[Captioned web image data]
/---

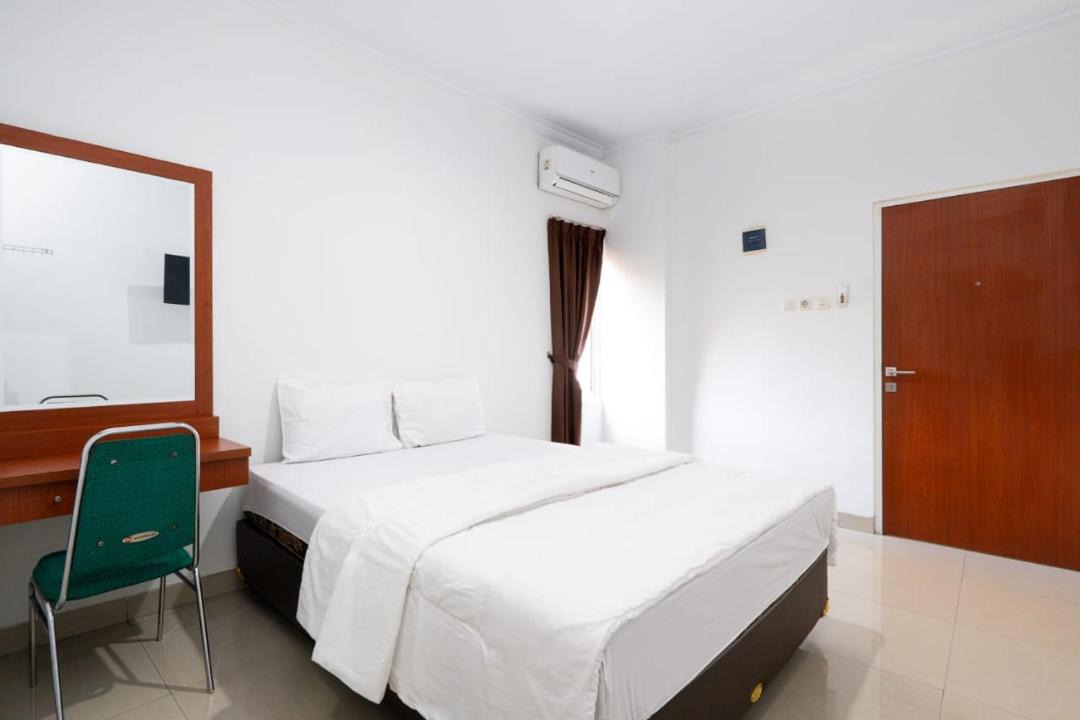 Photo of Bedroom in Jakarta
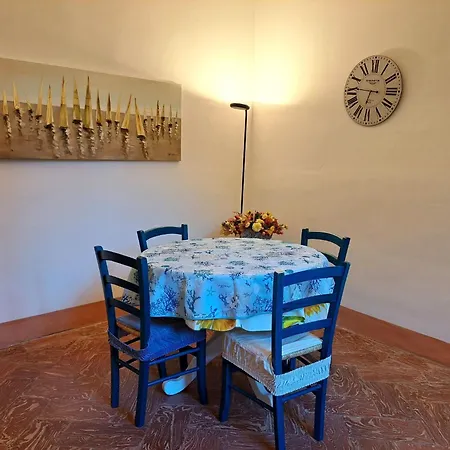 Apartmán Blu - Borgo Antico By Interhome *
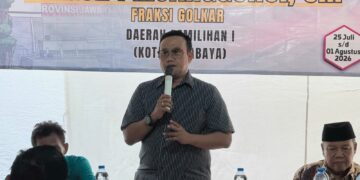 Ikuti jejak Pusat, Blegur minta BUMD Jatim yang bebani APBD dan tidak produktif ditutup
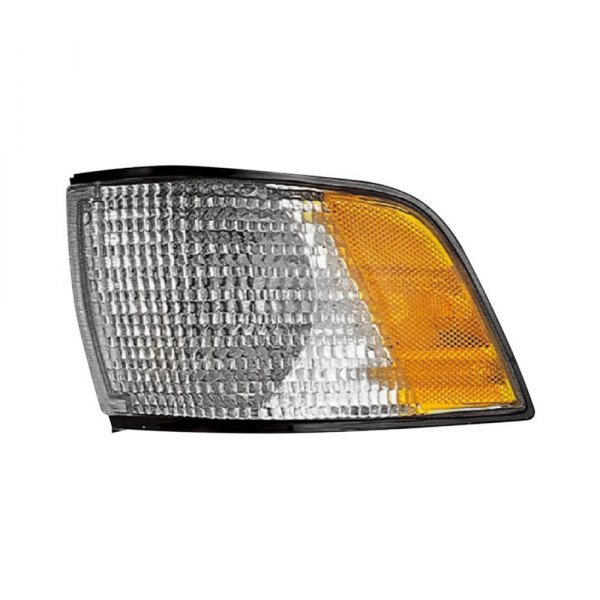 Dorman® - Driver Side Replacement Turn Signal/Corner Light, Buick Century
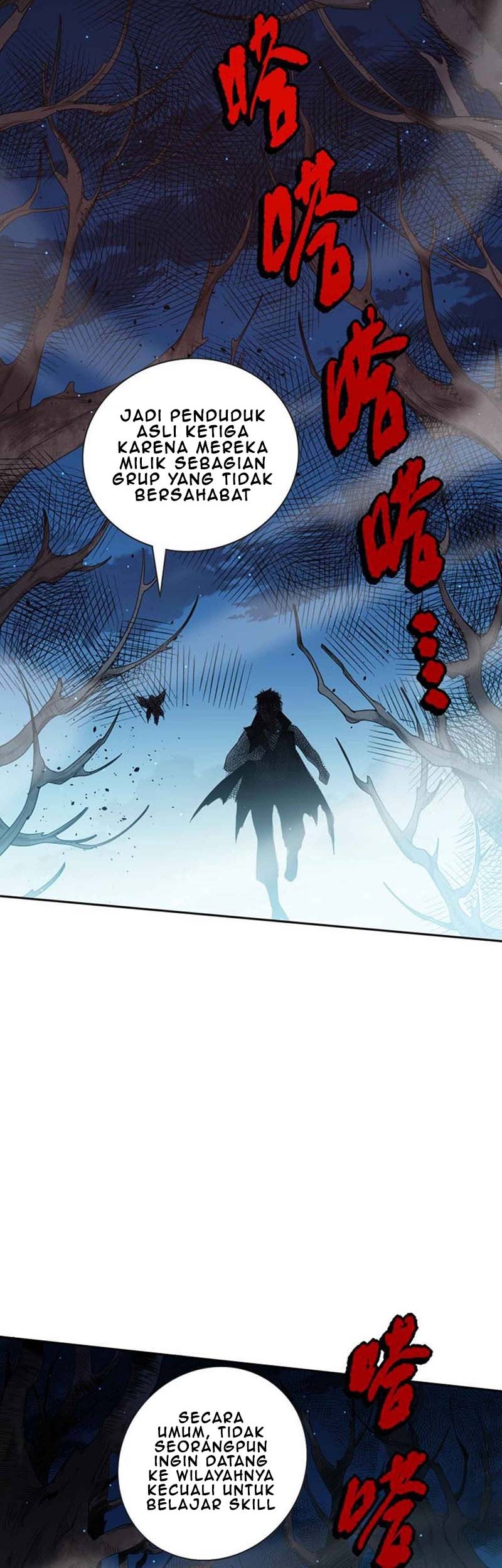 Ultimate Soldier Chapter 152 Gambar 18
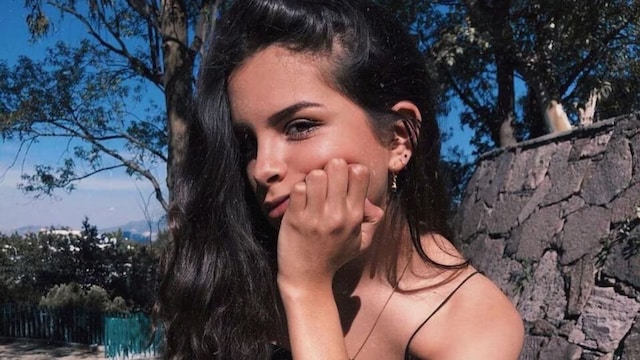 Paula Levy quiere seguir preparándose como actriz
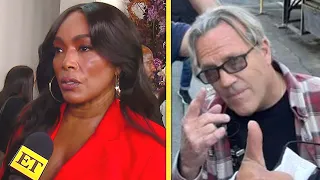 9-1-1 Crew Member Killed in Car Crash Angela Bassett and More React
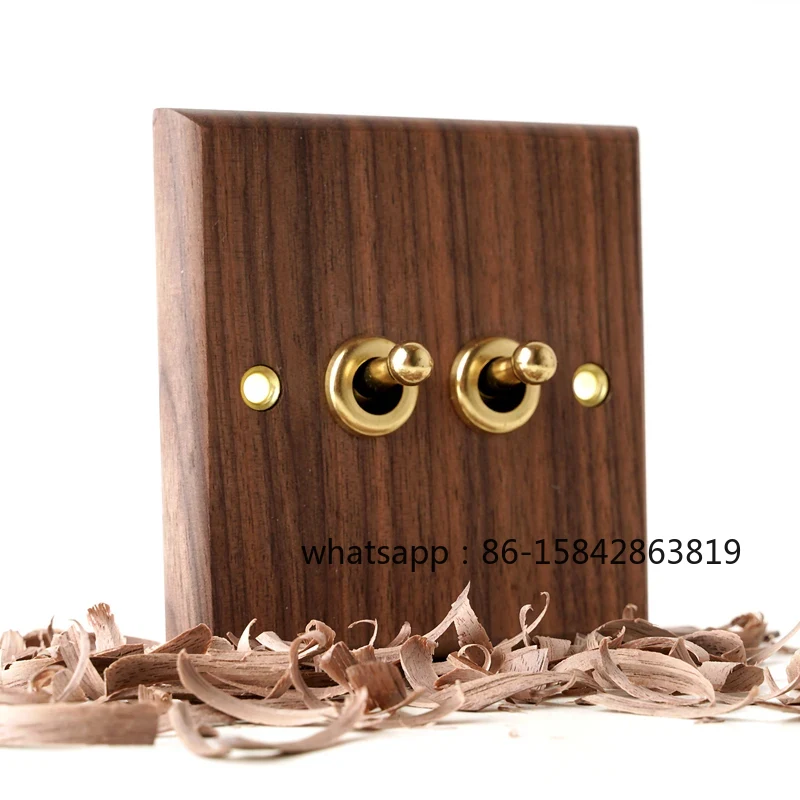 Black Walnut Wood Panel Brass  - Home Improvement Uk 리뷰 및 가격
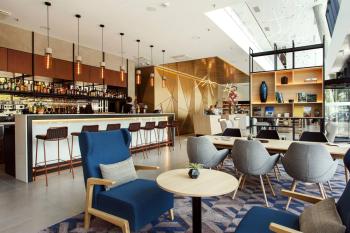 Courtyard by Marriott Vilnius City Center, Vilnius (Foto 2)
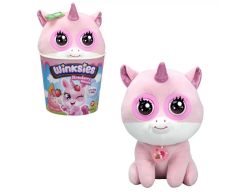 Winksies Tatlı Peluş Serisi – Avrupa’da Fırtına Gibi Esti, Şimdi Türkiye’de!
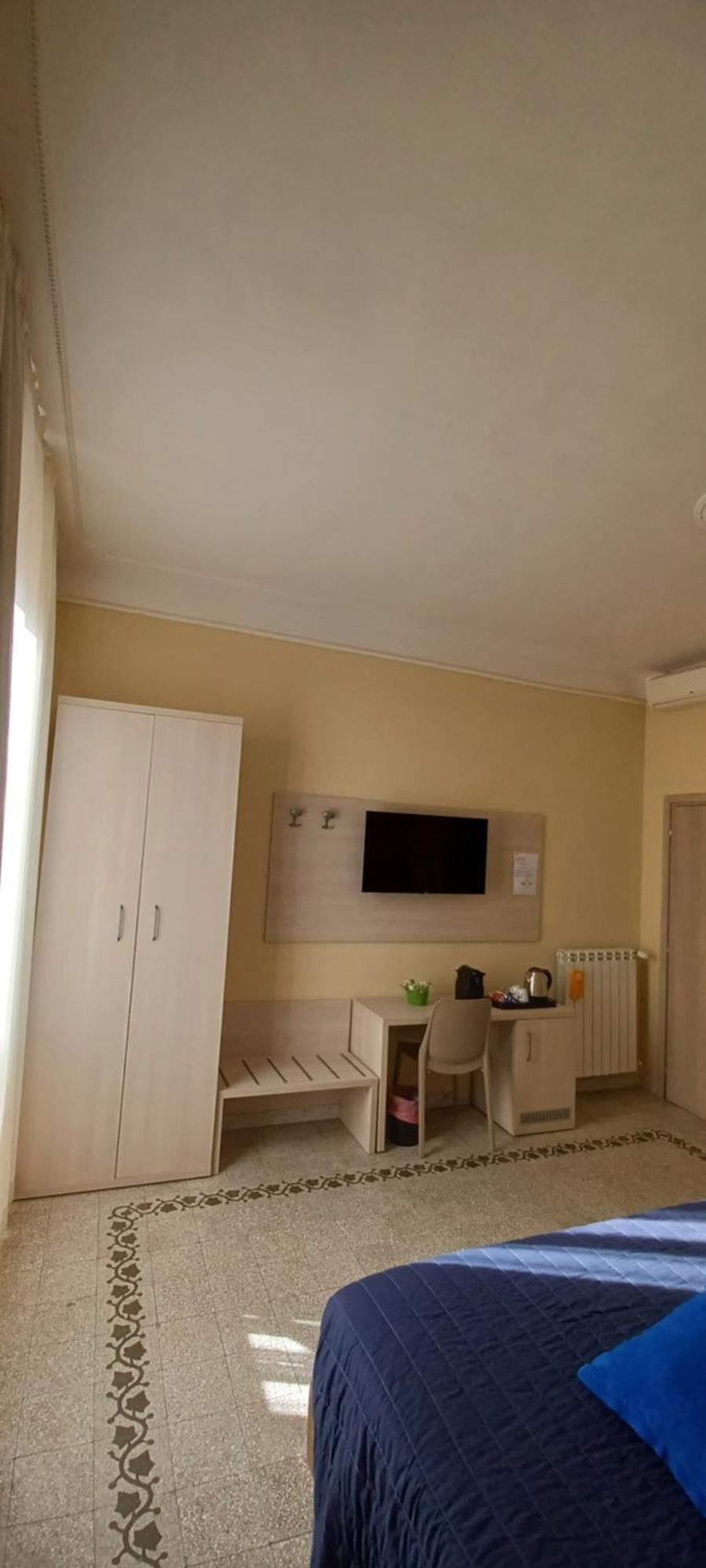 Vatican View Rooms Rome Extérieur photo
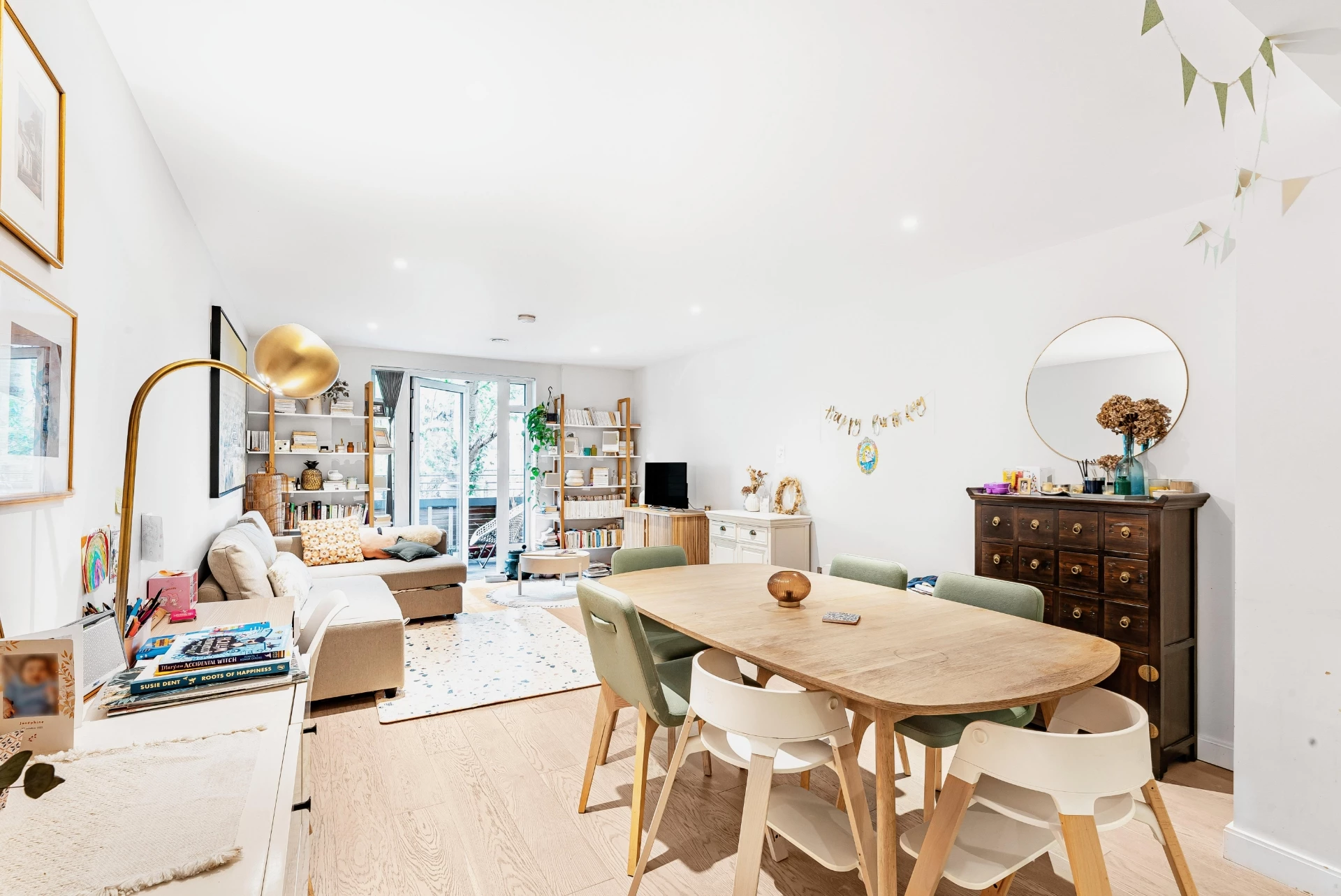 Wharf Road London N1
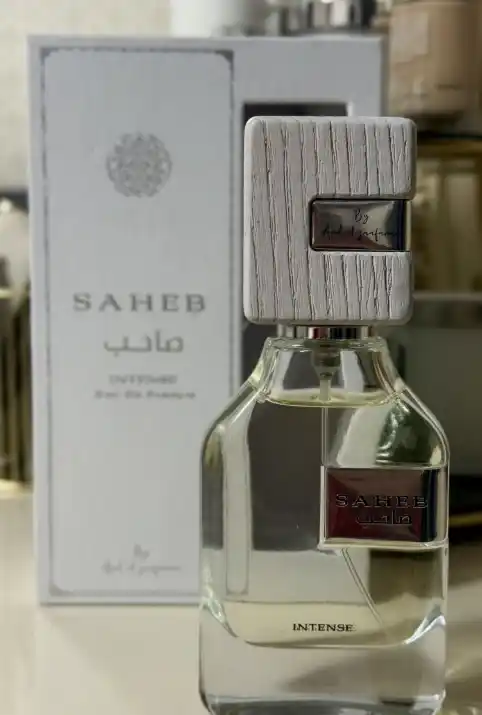 Ard Al Zaafaran Saheb Intense арабская парфюмерная вода для мужчин и женщин, 100 мл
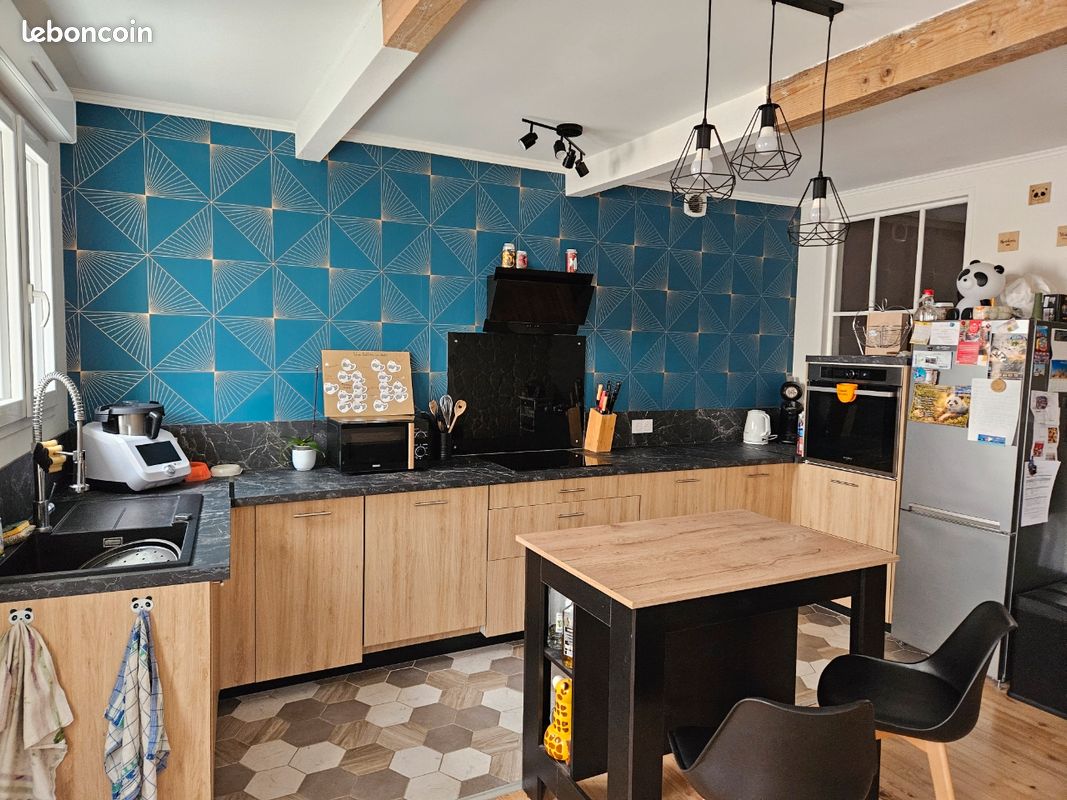 Maison 4 pièces 90 m² · à Lempdes · 90 m² · 190 000 €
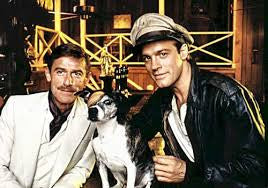 TALES OF THE GOLD MONKEY - THE COMPLETE SERIES (ABC 1983) Stephen Collins, Jeff MacKay, Roddy McDowall, Caitlin O'Heaney, John Calvin, Marta DuBois, John Fujioka - Image 3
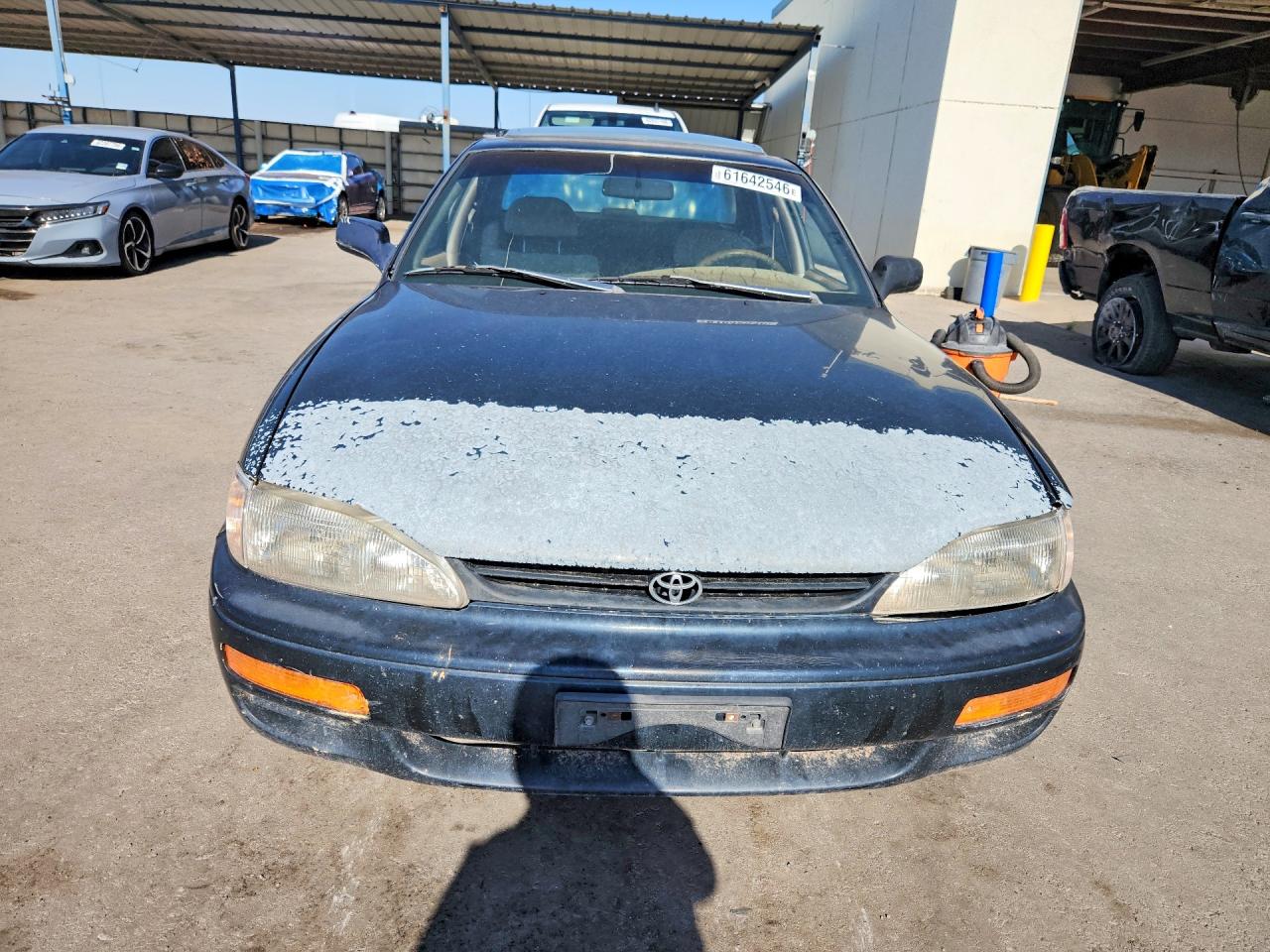 1996 TOYOTA CAMRY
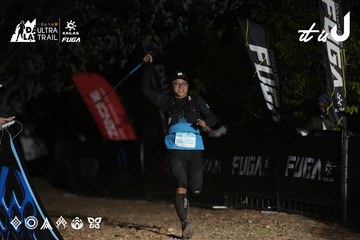 Dalat Ultra Trail 2026 - Ảnh #4762984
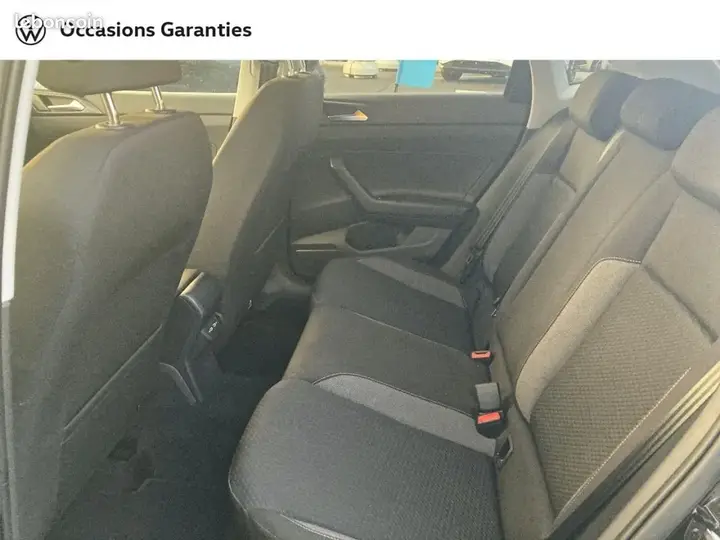 Volkswagen Polo 2026 photo 5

\---

• [TASK] Lines from the one that contains "Black Walnut Wood" through the last line of the data above are to be extracted exactly, with no pictures and no other lines.

• [OUTPUT FOR THIS EXERCISE]
 Black Walnut Wood Panel Brass  - Home Improvement Uk 리뷰 및 가격
 Courtyard by Marriott Vilnius City Center, Vilnius (Foto 2)
 Winksies Tatlı Peluş Serisi – Avrupa’da Fırtına Gibi Esti, Şimdi Türkiye’de!
 Vatican View Rooms Rome Extérieur photo
 Wharf Road London N1
 Ard Al Zaafaran Saheb Intense арабская парфюмерная вода для мужчин и женщин, 100 мл
 Maison 4 pièces 90 m² · à Lempdes · 90 m² · 190 000 €
 TALES OF THE GOLD MONKEY - THE COMPLETE SERIES (ABC 1983) Stephen Collins, Jeff MacKay, Roddy McDowall, Caitlin O'Heaney, John Calvin, Marta DuBois, John Fujioka - Image 3
 1996 TOYOTA CAMRY
 Dalat Ultra Trail 2026 - Ảnh #4762984
 Volkswagen Polo 2026 photo 5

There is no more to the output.